Department of Epidemiology and Biostatistics, School of Public Health, Tehran University of Medical Sciences, Tehran, Iran, Non-Communicable Disease Research Center, Endocrinology and Metabolism Population Science Research Institute, Tehran University of Medical Sciences, Tehran, Iran. mohamadk@ tums.ac.ir,
Non-Communicable Disease Research Center, Endocrinology and Metabolism Population Science Institute, Tehran University of Medical Sciences, Tehran, Iran Endocrinology and Metabolism Research Center, Endocrinology and Metabolism Institute, Tehran University of Medical Sciences, Tehran, Iran.
Arch Iran Med. 2014 Jan;17(1):28-33.
Identifying the burden of disease and its inequality between geographical regions is an important issue to study health priorities. Estimating burden of diseases using statistical models is inevitable especially in the context of rare data availability. To this purpose, the spatio-temporal model can provide a statistically sound approach for explaining the response variable observed over a region and various times. However, there are some methodological challenges in analysis of these complex data. Our primary objective is to provide some remedies to overcome these challenges.
Data from nationally representative surveys and systematic reviews have been gathered across contiguous areal units over a period of more than 20 years (1990 - 2013). Generally, observations of areal units are spatially and temporally correlated in such a way that observations closer in space and time tend to be more correlated than observations farther away. It is critical to determine the correlation structure in space-time process which has been observed over a set of irregular regions.
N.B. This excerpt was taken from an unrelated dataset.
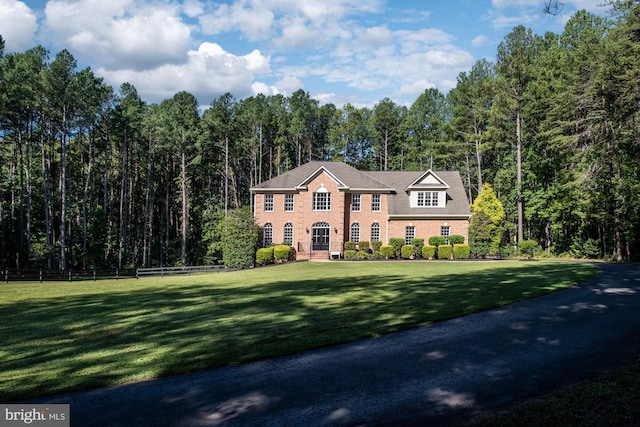 georgian-style home featuring brick siding and a wooded view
Moreover, these data sets are subject to high percentage of missing, including misaligned areal units, areas with small sample size, and may have nonlinear trends over space and time. Furthermore, the Gaussian assumption might be overly restrictive to represent the data. In this setting, the traditional statistical techniques are not appropriate and more flexible and comprehensive methodology is required. Particularly, we focus on approaches that allow extending spatio-temporal models proposed previously in the literature.Since statistical models include both continuous and categorical outcomes, we assume a latent variable framework for describing the underlying structure in mixed outcomes and use a conditionally autoregressive (CAR) prior for the random effects. In addition, we will employ misalignment modeling to combine incompatible areal units between data sources and/or over the years to obtain a unified clear picture of population health status over this period. In order to take parameter uncertainties into account, we pursue a Bayesian sampling-based inference. Hence, a hierarchical Bayes approach is constructed to model the data. The hierarchical structure enables us to "borrow information" from neighboring areal units to improve estimates for areas with missing values and small number of observations. For their general applicability and ease of implementation, the MCMC methods are the most adapted tool to perform Bayesian inference.
This study aims to combine different available data sources and produce precise and reliable evidences for Iranian burden of diseases and risk factors and their disparities among geographical regions over time. Providing appropriate statistical methods and models for analyzing the data is undoubtedly crucial to circumvent the problems and obtain satisfactory estimates of model parameters and reach accurate assessment.
确定疾病负担及其在地理区域之间的不平等是研究卫生重点的重要问题。使用统计模型估计疾病负担在数据可用性有限的情况下是不可避免的。为此,时空模型可以为解释在一个地区和不同时间观察到的响应变量提供一种统计上合理的方法。然而,在分析这些复杂数据时存在一些方法学挑战。我们的主要目标是提供一些补救措施来克服这些挑战。
数据来自全国代表性调查和系统评价,跨越 20 多年(1990-2013 年)的连续地域单元。通常,地域单元的观测在空间和时间上是相关的,空间和时间上较近的观测比较远的观测更相关。确定在一组不规则区域中观察到的时空过程的相关结构至关重要。此外,这些数据集存在大量缺失,包括错位地域单元、样本量小的区域,并且可能在空间和时间上存在非线性趋势。此外,高斯假设可能过于严格,无法表示数据。在这种情况下,传统的统计技术并不适用,需要更灵活和全面的方法。特别是,我们专注于允许扩展文献中先前提出的时空模型的方法。由于统计模型包括连续和分类结果,因此我们假设潜在变量框架来描述混合结果中的基本结构,并为随机效应使用条件自回归(CAR)先验。此外,我们将采用错位建模来组合数据源之间和/或多年来不兼容的地域单元,以获得该时期人口健康状况的统一清晰图景。为了考虑参数不确定性,我们采用基于贝叶斯抽样的推理。因此,构建了分层贝叶斯方法来对数据进行建模。分层结构使我们能够从相邻的地域单元中“借用信息”,以提高对缺失值和观测值较少的区域的估计值。为了具有通用性和易于实现,MCMC 方法是执行贝叶斯推理的最适合工具。
本研究旨在结合不同的可用数据源,为伊朗疾病负担和风险因素及其随时间在地理区域之间的差异提供准确可靠的证据。提供适当的统计方法和模型来分析数据无疑是至关重要的,可以避免问题并获得模型参数的满意估计值,从而进行准确的评估。